▶ TRY IT
One exact copy of the listing, minus the images, is the required answer.

▶ STORED DATA
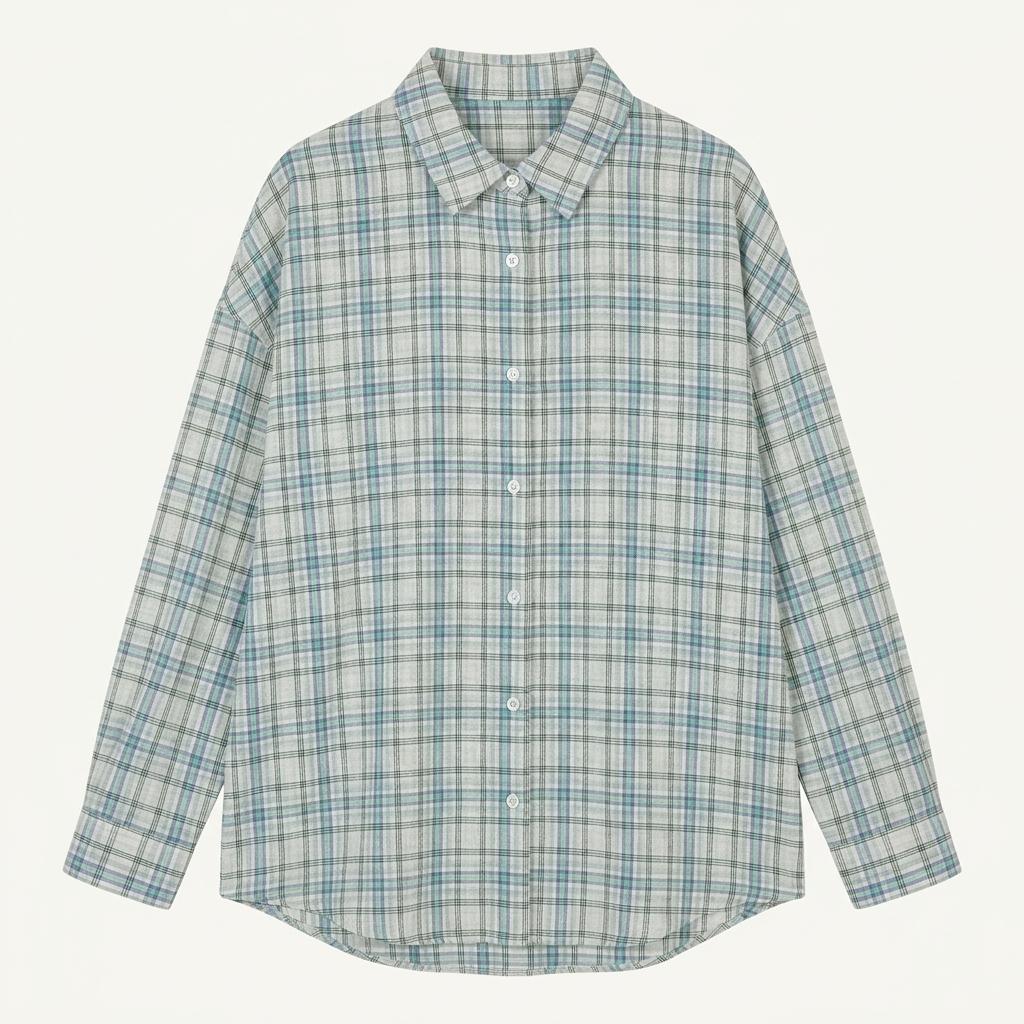 SCENT 민트 그린 체크 오버핏 셔츠 1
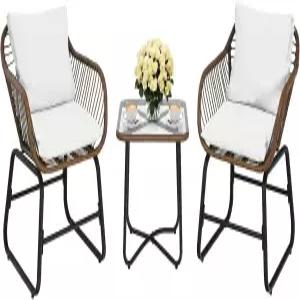 탕쿨라 3피스 파티오 비스트로 세트 파티오조이 야외 체육 라탄 안락의자 및 커피 테이블 편안한 쿠션과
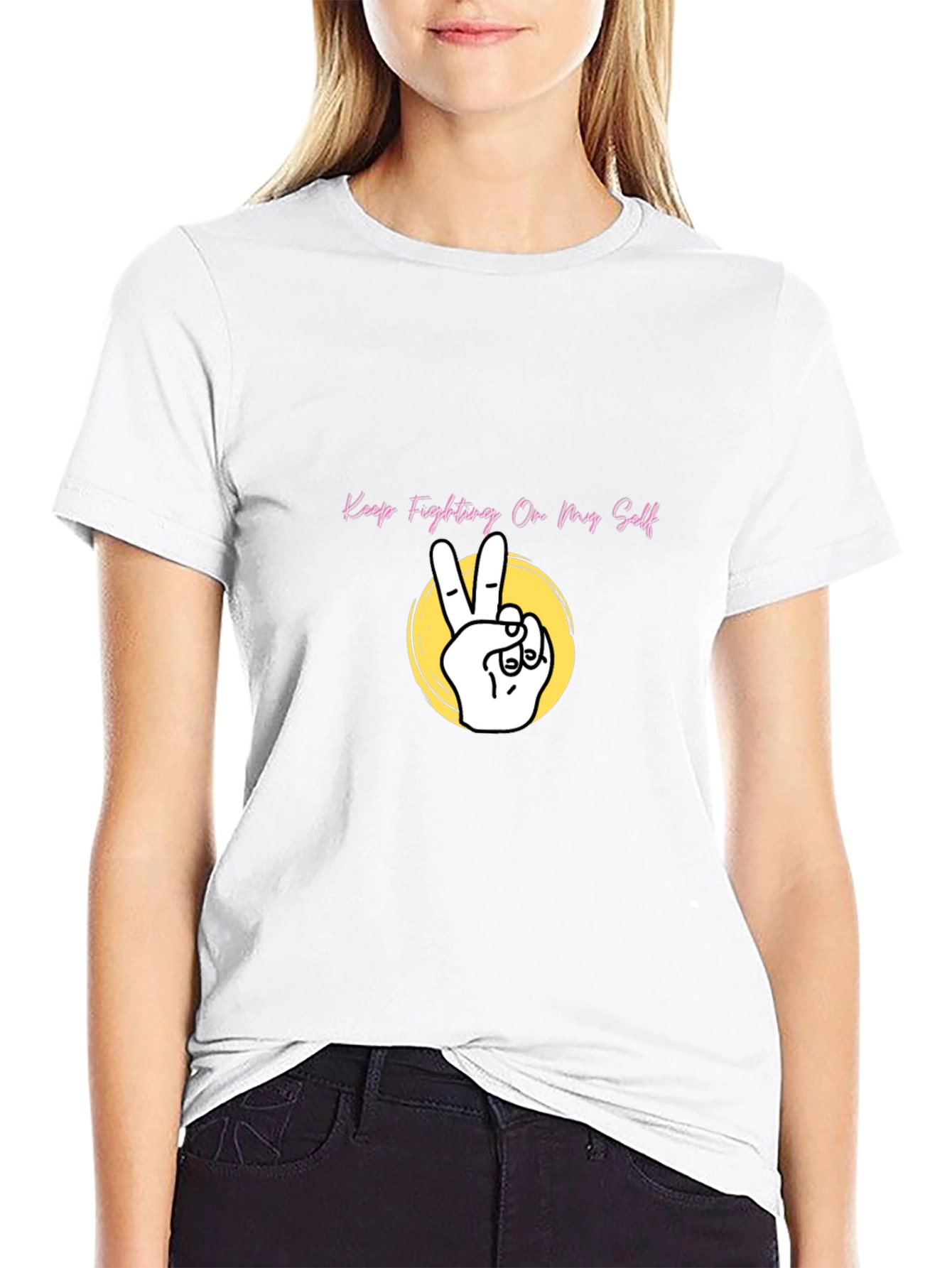 Keep Fighting On My Self Black T-Shirt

▶ EXERCISE SOLUTION
 SCENT 민트 그린 체크 오버핏 셔츠 1
 탕쿨라 3피스 파티오 비스트로 세트 파티오조이 야외 체육 라탄 안락의자 및 커피 테이블 편안한 쿠션과
 Keep Fighting On My Self Black T-Shirt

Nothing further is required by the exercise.